LOUD VISIONARIES: Edward John Drake, director

Born to be a James Bond villain — though fortunately for us he's taken to crafting music videos & commercials with powerful emotional hooks at play — Edward John Drake jumped on a short call between shots on a new music video he's directing. With genre-defining artists like Klangkarussell, the Stanton Warriors and Kat Krazy paying generously for his time, he's become the go-to guy in electronic music for brave characters and thought provoking themes. Former assistant to Mark Romanek, office drone on True Detective — and now creating worlds of his own — Edward John Drake is a name you could get used to hearing more often.

read more for the interview...

405: You've got a great origin story - a producer spotted a short film of yours and invited you out to Los Angeles - can you break it down for us and what your influences were growing up? (feel free to wax lyrical, we love to hear name dropping of artists you feel shaped who you are today)

EJ Drake: I moved around a lot growing up, and films were always the constant. Same with video games. No matter where you are in the world of everyone knows Space Jam or how good the Lethal Weapon series is.
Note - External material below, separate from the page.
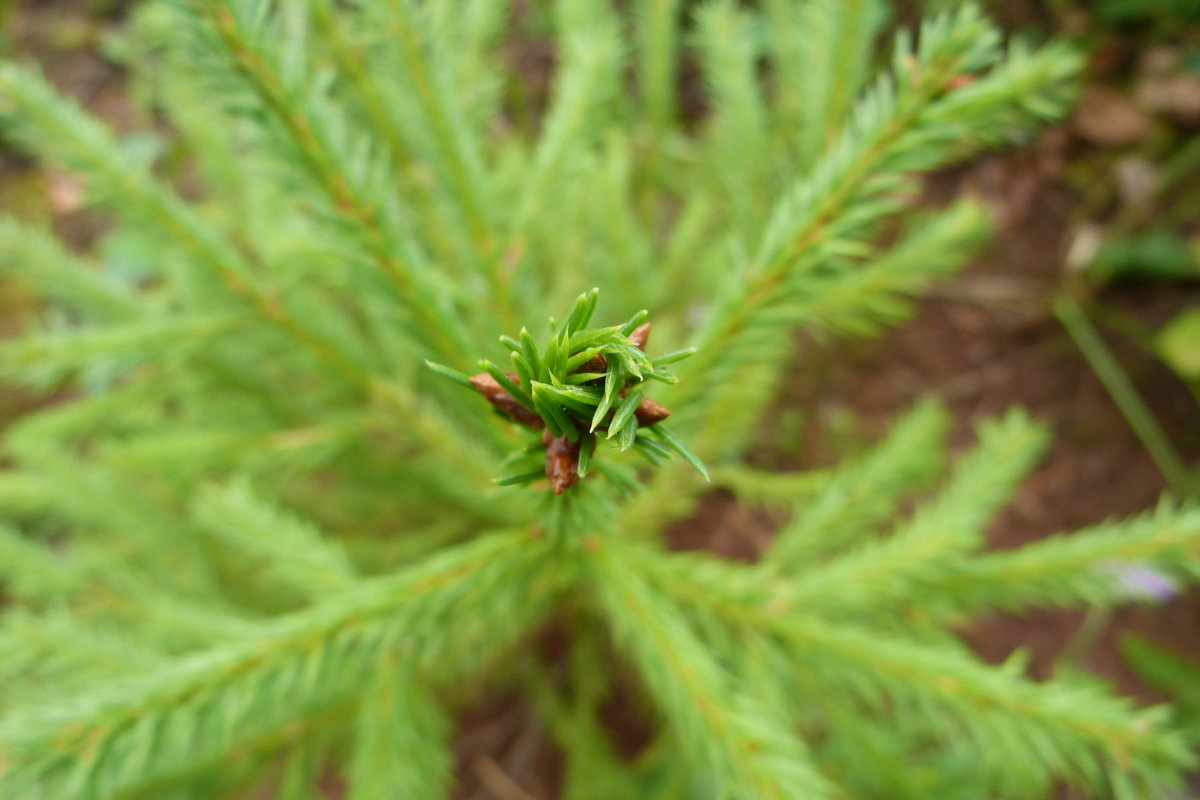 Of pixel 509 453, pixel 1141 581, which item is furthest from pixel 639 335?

I remember seeing Mad Max 2 [The Road Warrior] in Melbourne, then taking a VHS copy to friends in Belfast when I was a teenager, and it was great to be able to have this common ground with people I wouldn't see for months.
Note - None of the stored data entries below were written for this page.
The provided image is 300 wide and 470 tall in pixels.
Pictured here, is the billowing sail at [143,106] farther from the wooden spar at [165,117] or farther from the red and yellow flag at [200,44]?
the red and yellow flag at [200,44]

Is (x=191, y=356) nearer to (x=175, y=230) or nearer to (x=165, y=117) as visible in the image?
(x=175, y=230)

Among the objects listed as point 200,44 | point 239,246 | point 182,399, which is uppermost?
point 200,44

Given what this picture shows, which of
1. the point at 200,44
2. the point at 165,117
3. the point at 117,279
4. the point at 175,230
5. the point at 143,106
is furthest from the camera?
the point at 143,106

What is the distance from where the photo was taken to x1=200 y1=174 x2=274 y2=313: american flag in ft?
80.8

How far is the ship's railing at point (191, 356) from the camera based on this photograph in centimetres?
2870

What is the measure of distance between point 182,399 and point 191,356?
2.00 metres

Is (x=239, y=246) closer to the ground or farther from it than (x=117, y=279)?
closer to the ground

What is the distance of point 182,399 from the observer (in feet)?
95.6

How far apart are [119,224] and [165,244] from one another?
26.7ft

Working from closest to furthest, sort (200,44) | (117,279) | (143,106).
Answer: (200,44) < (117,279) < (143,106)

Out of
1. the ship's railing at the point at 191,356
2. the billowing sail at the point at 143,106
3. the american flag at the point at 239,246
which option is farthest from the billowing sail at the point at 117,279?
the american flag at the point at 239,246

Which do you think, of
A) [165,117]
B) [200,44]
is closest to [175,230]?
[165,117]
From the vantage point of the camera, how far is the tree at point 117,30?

Film is, and certainly was for me, a fixed point in the universe more than anything else. They've always been there for me, and I'm going to try and make some that'll always be there for someone else.
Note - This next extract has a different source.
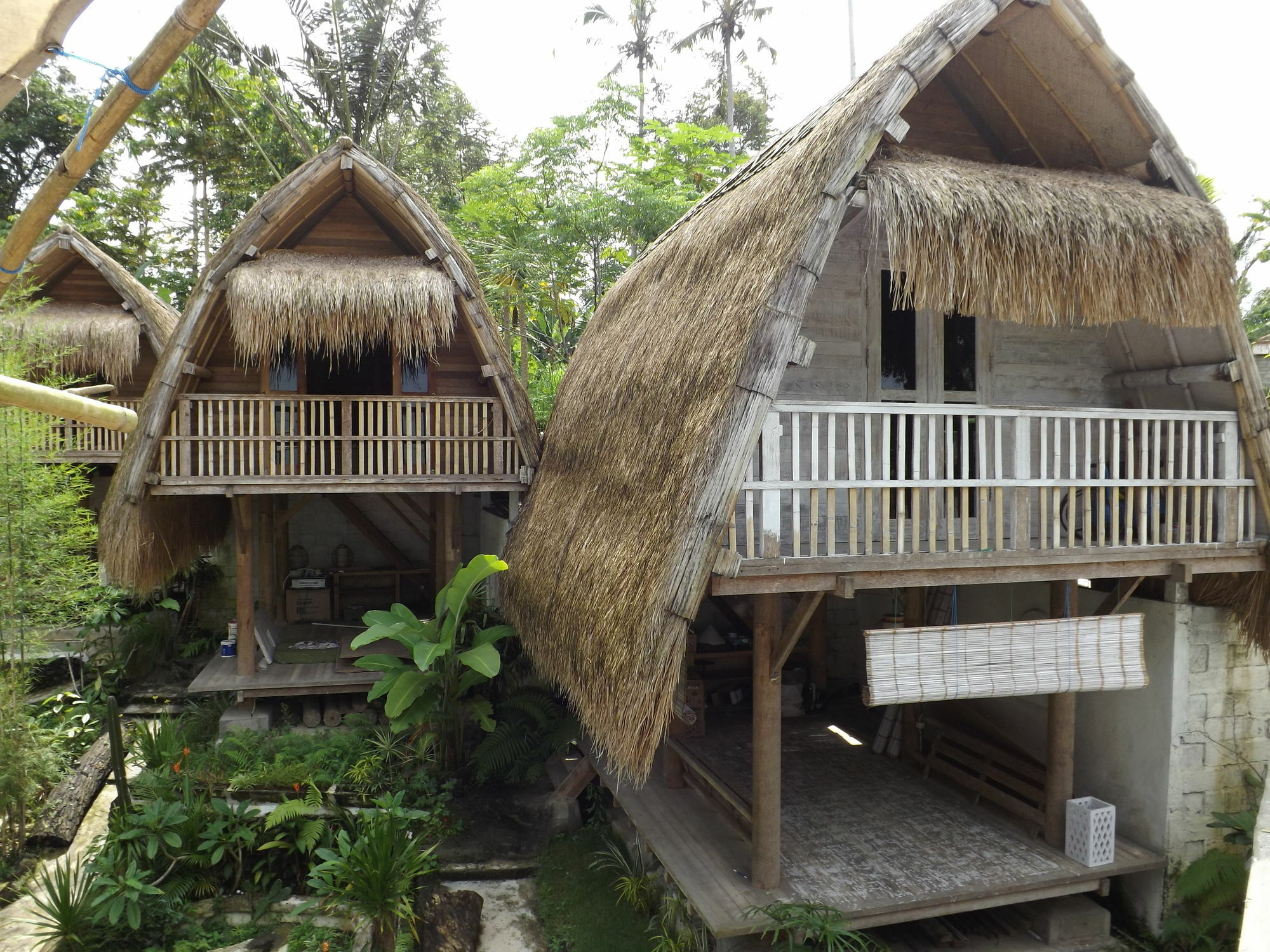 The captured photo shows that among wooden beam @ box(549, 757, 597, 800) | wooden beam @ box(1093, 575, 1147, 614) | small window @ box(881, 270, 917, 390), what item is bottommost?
wooden beam @ box(549, 757, 597, 800)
405: Great answer. How about key influences?

EJ Drake: The watershed was seeing The Fifth Element, and I really think you're going to get that answer from a ton of others over the next few years. There's a little wish fulfillment, little humour, and a great world to explore with Besson's signature little character 'ticks'. Same with Brick, The Good, the Bad, and the Ugly, Princess Mononoke, or even, and I'm 100% severe when I say this... Steven Soderbergh's Ocean's Eleven. I mean, those are pieces which speak to me just as much if not more than the Seven Samurais and Barry Lyndon's of the world. I really really enjoy Midnight In Paris, and I can't fault Master and Commander... both changed the way I see what's possible and what a film can be, so, ah the water is still shedding?

405: Formal education vs. School of Hard Knocks?

EJ Drake: The third option - School of Rock. Go do your own thing, grow a little and find something authentic — or at least not as regurgitated — to say. An education is where you find it.

405: What was your education?

EJ Drake: I went to college for Media and Law and walked away with a degree in Journalism and Literature. I was super scared — I applied for what you're told is the be-all-end-all film school in Melbourne. I had to go for a scholarship-or-bust place, and they rejected me straight out of high school. After I graduated I applied again and got in, then the offer to move here was on the table. I think I made the right choice, but I'll never know what relationships or networks could have been made at that school.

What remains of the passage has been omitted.